Capitalism and Slavery

May 2003

Who steals my purse steals trash
Posted: Saturday, May 10, 2003

by Kim Johnson

Was the apology offered to former Chief Justice Michael de la Bastide below last week's Sunday Guardian Editorial sufficiently obsequious?

Criticism of de la Bastide's refusal to hear appeals filed late by the prison authorities was admitted to be "totally unwarranted and without foundation," and unreservedly withdrawn.

After all, it was penned by him.

But perhaps St Michael TC, QC, a highly successful lawyer who was Chief Justice for a few years, was just being modest. Maybe he deserved an additional dollop of grovelling to sweeten his Sunday breakfast.

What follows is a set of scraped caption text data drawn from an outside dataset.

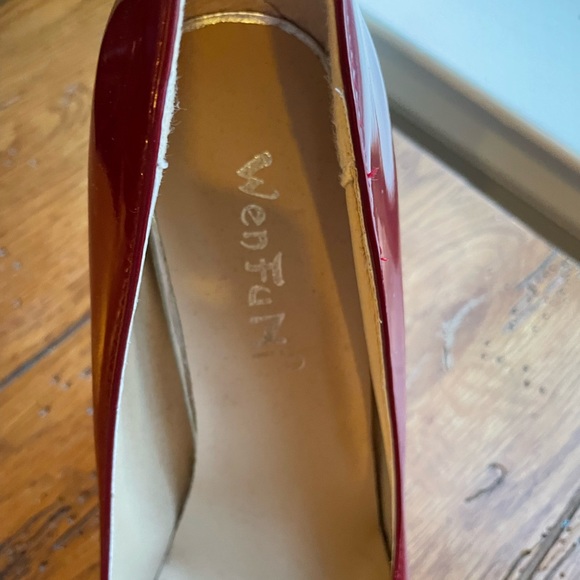 Red patent leather heels size 8 - Picture 3 of 6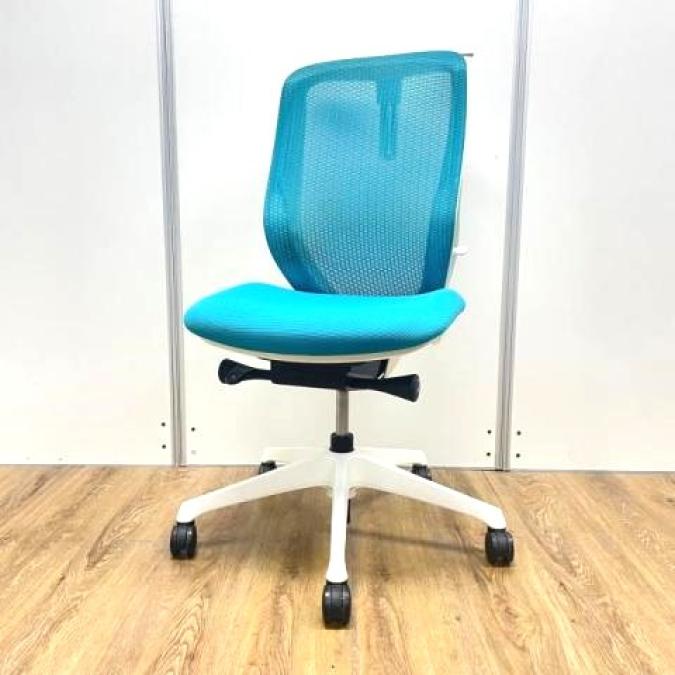 【三次元曲面が身体にフィット！】■オカムラ製　シルフィーチェア　ブルーグリーン　ハンガー付　■まるで手を添えて包み込まれるような優しい座り心地！【在庫入替セール品！（本在庫限定価格）】★
                        シルフィーメッシュ
                                    中古
            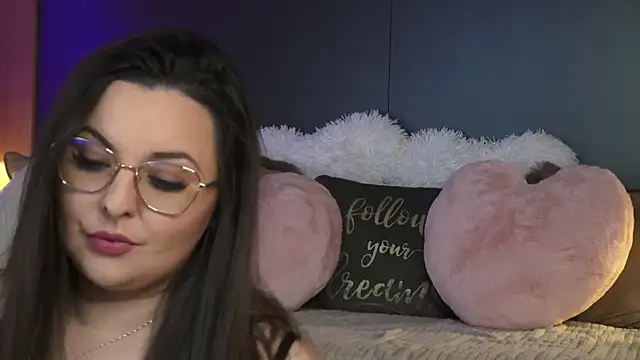 Mia Swano online show from February 2026 03:40:02 AM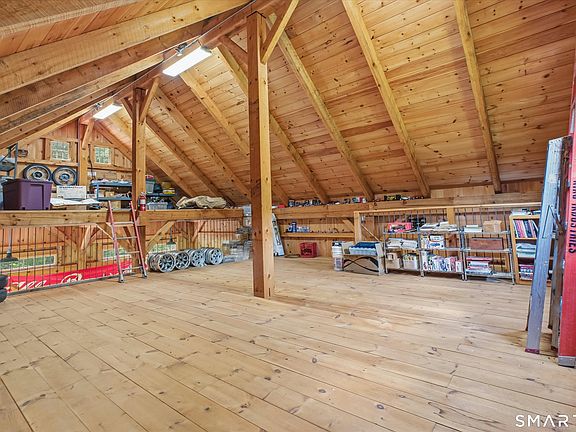 33rd image of 26 Codfish Hill Road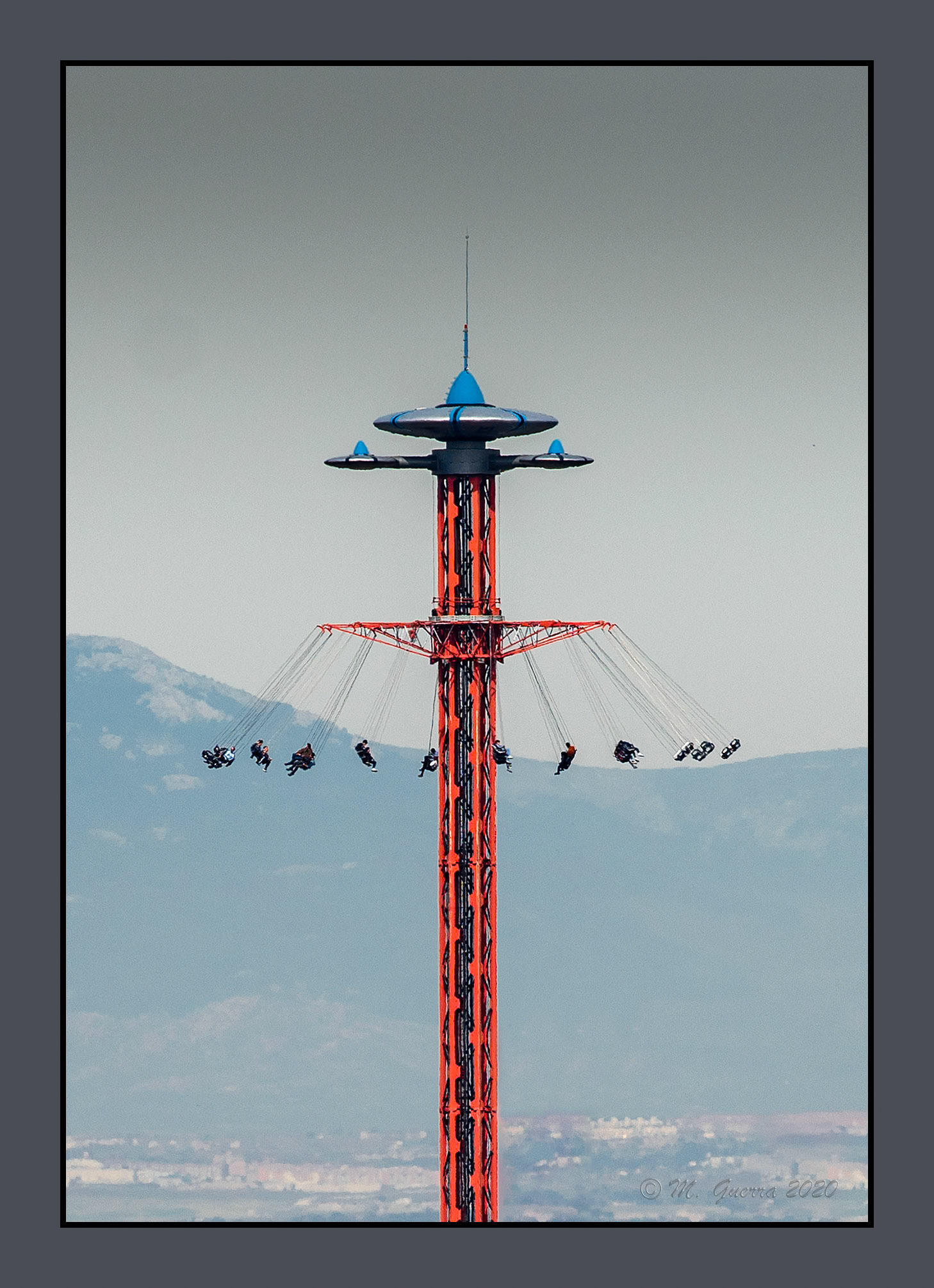 Columpio vertical en el parque de atracciones desde el parque de la cuña de la Latina. Ampliar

As the man himself pointed out, his rejection of Rickey Bernard, Julien Trim and Rufus Patrice's late-filed appeals amounted to a good deed.

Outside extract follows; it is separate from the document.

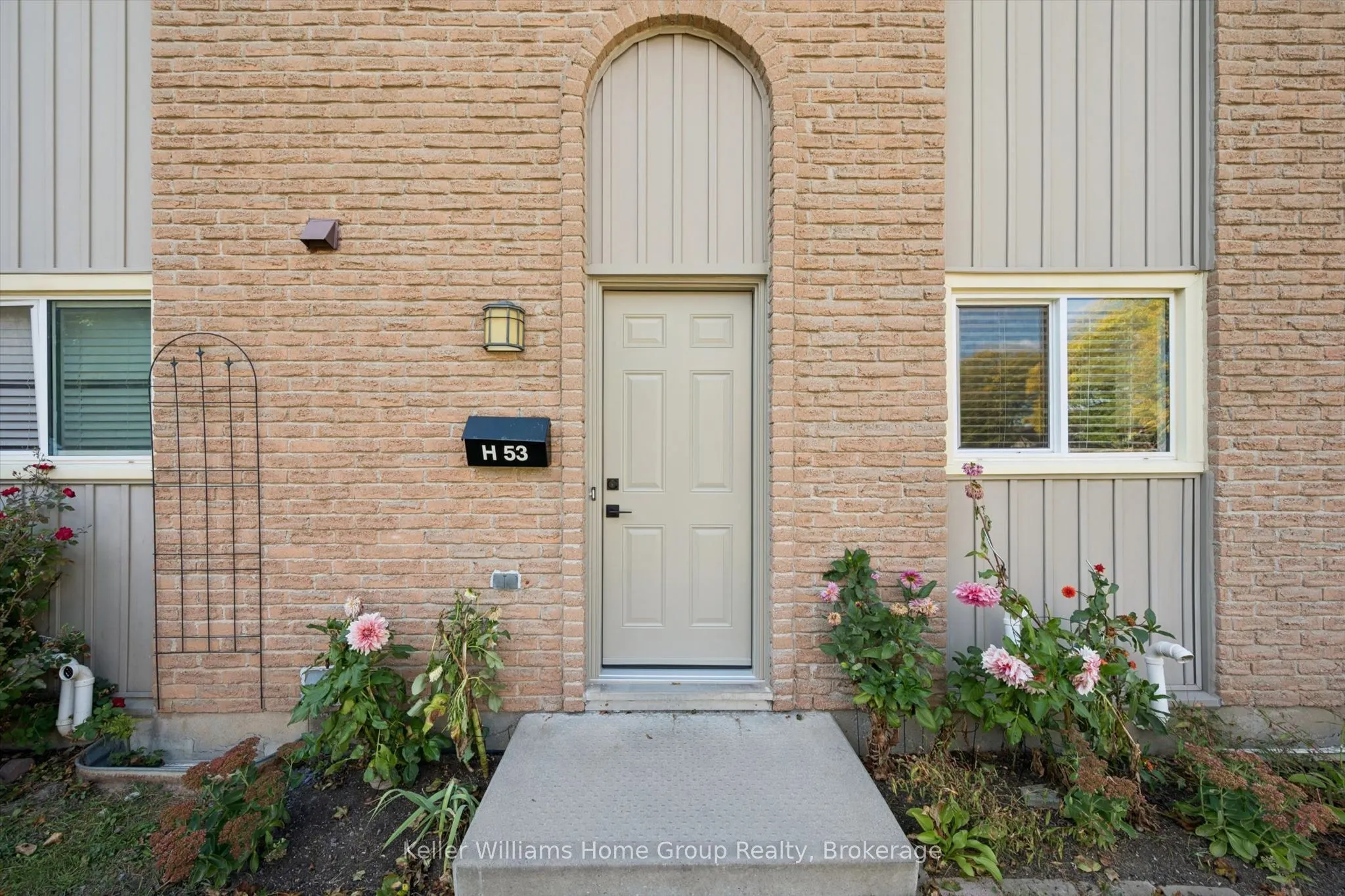 223 Pioneer Drive W #H53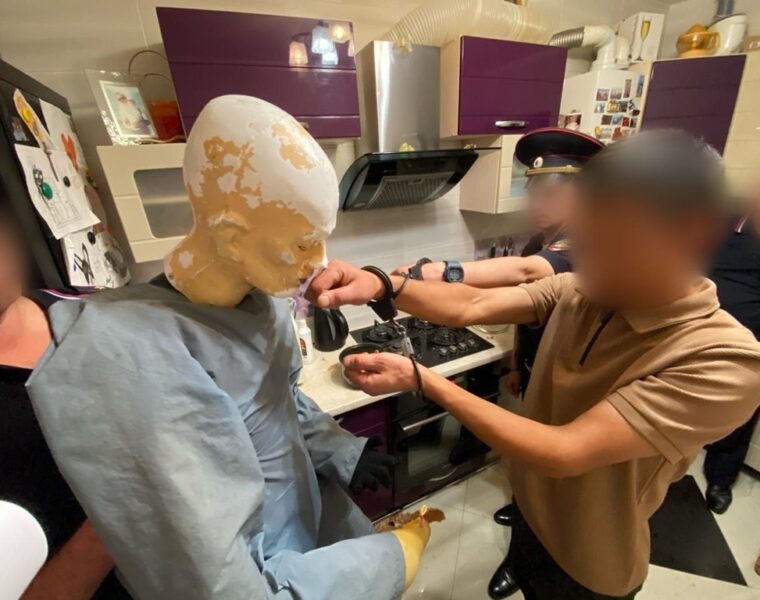 Житель Оренбурга предстанет перед судом за убийство знакомого в Пионерском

Had the appeals been heard and dismissed those three stooges would have had to now begin their sentences forthwith. Presumably they were in jail all the while.

How untrue and unfair to cast aspersions on such Solomonic leniency!

Ahem. Has it occurred to anyone that starting an incarcerated man's sentence from the time he loses his appeal, makes appealing a punishable offence?

And a severe one here where appeals can take years to be heard.

But that's beside the point; the reasoning of an idle layman not privy to the higher understanding of luminaries such as are found on the Bench or even in our well-stocked Bar.

And that's why you cock your snout at the law at your considerable peril.

Such learned men could hardly be expected to subscribe to the homespun aphorism that sticks and stones may break my bones but…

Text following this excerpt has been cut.